An unnamed source speaking to The New York Times says that he expects Israel to launch another strike against Syria in the near future. The report by an “American intelligence analyst” underscores previous allegations that raise the specter of increased Israeli involvement in Syria’s civil war, a conflict that has claimed the lives of more than 100,000 and displaced at least 1.5 million people over the past 2 ½ years of fighting, according to United Nations estimates.
The New York Times report has not been rescinded or clarified in the days since its release, but it has stymied those within the U.S. and Israeli intelligence communities, some claiming that The New York Times report is valid, others questioning the true origins of the leak.
Speaking to the Jerusalem Post, Dr. Dan Schueftan, a visiting professor in the Department of Government at Georgetown University, said he was not even sure the sources are really American, as claimed, but that if they are, “it’s not the U.S. government.
“Coordination with the American government now is better than in the past,” Schueftan said, saying that President Obama would not have ordered the leak. He also doubted that it came from within the ranks of the Pentagon leadership.
Others take a different view. “The mere fact that such leaks happen often indicates that the Pentagon leadership does not have Israel’s interests at heart,” Prof. Efraim Inbar, director of the Begin-Sadat Center for Strategic Studies at Bar-Ilan University, told The Jerusalem Post. “It is difficult to assess the motivation of such leaks.”
What is known is that Israel has not shied away from launching preemptive strikes inside Syria in order to stop arms shipments and thwart threats that the Netanyahu government believes could compromise Israeli security.

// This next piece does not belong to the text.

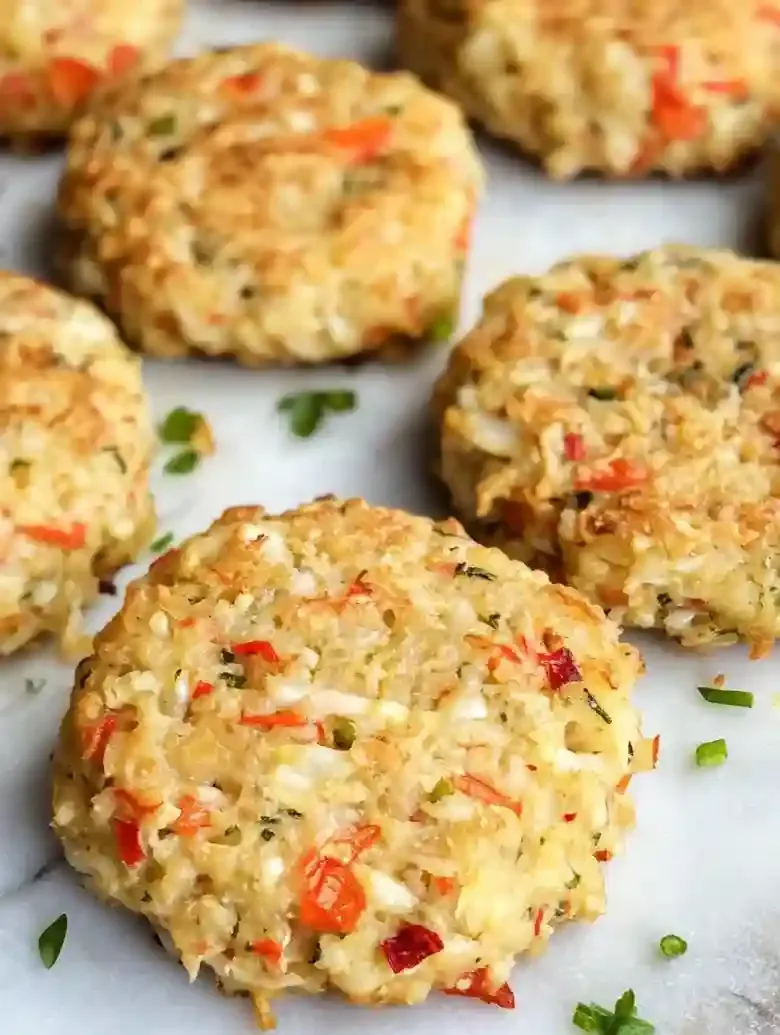 Lion's Mane Crab Cakes for Meatless Monday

Haaretz news reports that Israel is responsible for four separate strikes in Syria — one in January, two in the beginning of May and the most recent, a July 5 airstrike deep inside Syrian territory.

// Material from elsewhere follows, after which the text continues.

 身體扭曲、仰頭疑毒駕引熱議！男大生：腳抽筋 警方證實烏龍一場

This latest and arguably most significant strike occurred at the beginning of last month when the Israeli Air Force (IAF) struck a facility where Russian-made Yakhont cruise missiles were stored. Israeli Prime Minister Benjamin Netanyahu’s government believes that the arms could have been headed for Hezbollah in Lebanon, an armed resistance group that has fought Israel intermittently since the end of the Lebanese Civil War in 1990.

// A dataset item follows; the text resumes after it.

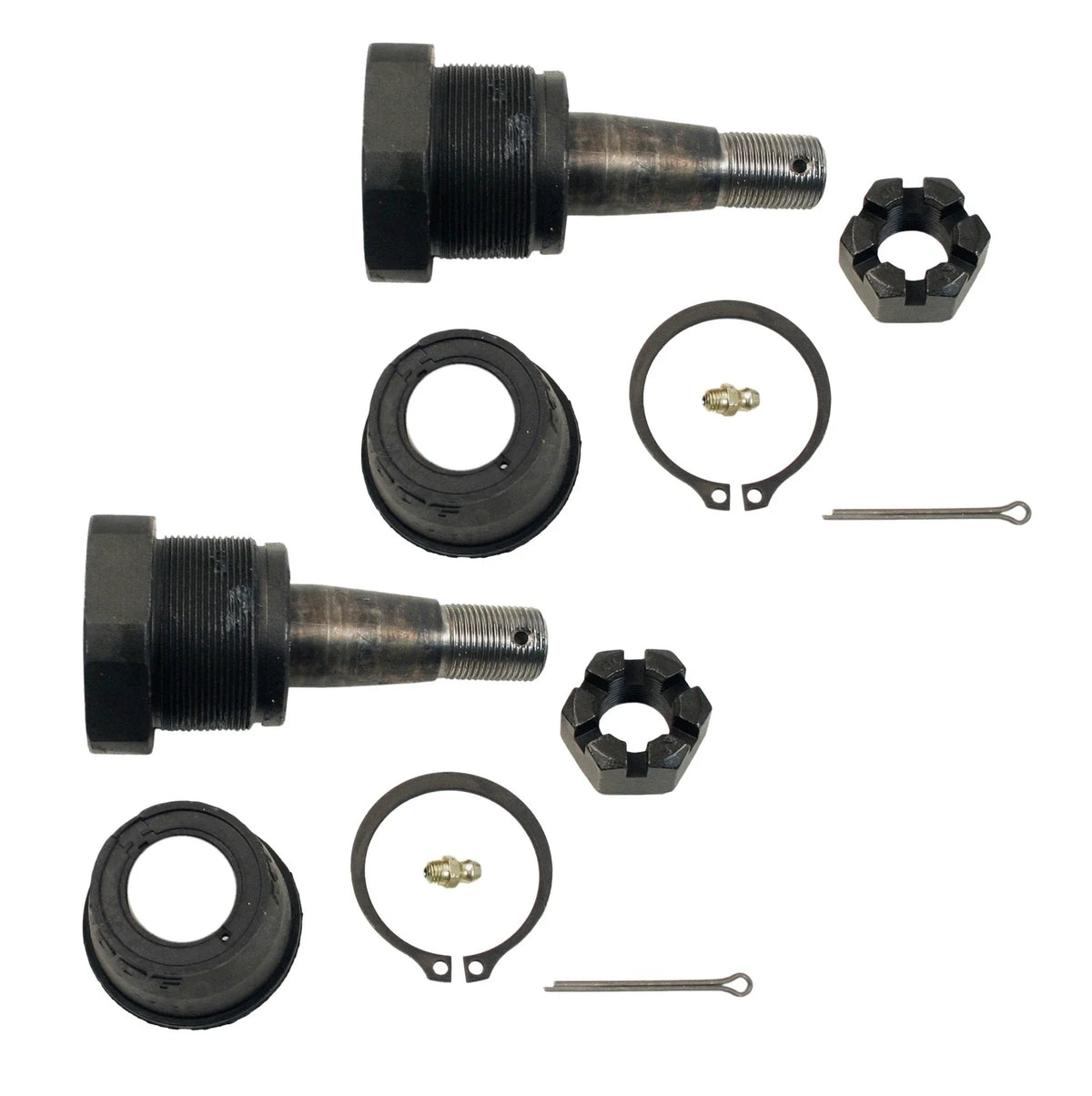 Set of 2 Front Upper Suspension Ball Joints for Ram 4500 5500 (2008–2018)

Israel had occupied Southern Lebanon since the early years of the war, prompting Hezbollah and other resistance groups to carry out attacks in an effort to drive the Israel Defense Force (IDF) out of Lebanese territory. Hundreds of Lebanese civilians and numerous troops on both sides were killed over the course of the conflict. Hezbollah succeeded in driving Israel from the territory in 2000, when newly elected Israeli Prime Minister Ehud Barak unilaterally withdrew troops from Lebanon, ending an occupation that dated back to 1982.
Some American intelligence now believe that at least some of the Yakhont missiles had been removed from their launchers and moved from the warehouse before the attack. If the latest report is true, Israel could be preparing for another strike to finish what they started.
Before the start of the Syrian civil war in 2011, there were few incidents between the two countries, although both are technically still in a state of war following the 1967 war that saw Israel capture and annex the Golan heights. The territory’s capture is considered illegal under international law and Syria has insisted that Israel return the territory as a precondition for a normalization of relations.
Israel and Syria began high level peace negotiations in 2008 that were broken off when Israel carried out an attack on Gaza in response to Hamas rocket fire. The strikes resulted in the deaths of 1,387 Palestinians, at least 773 of whom were people who did not participate in fighting, according to a report by B’Tselem, an Israeli human rights organization.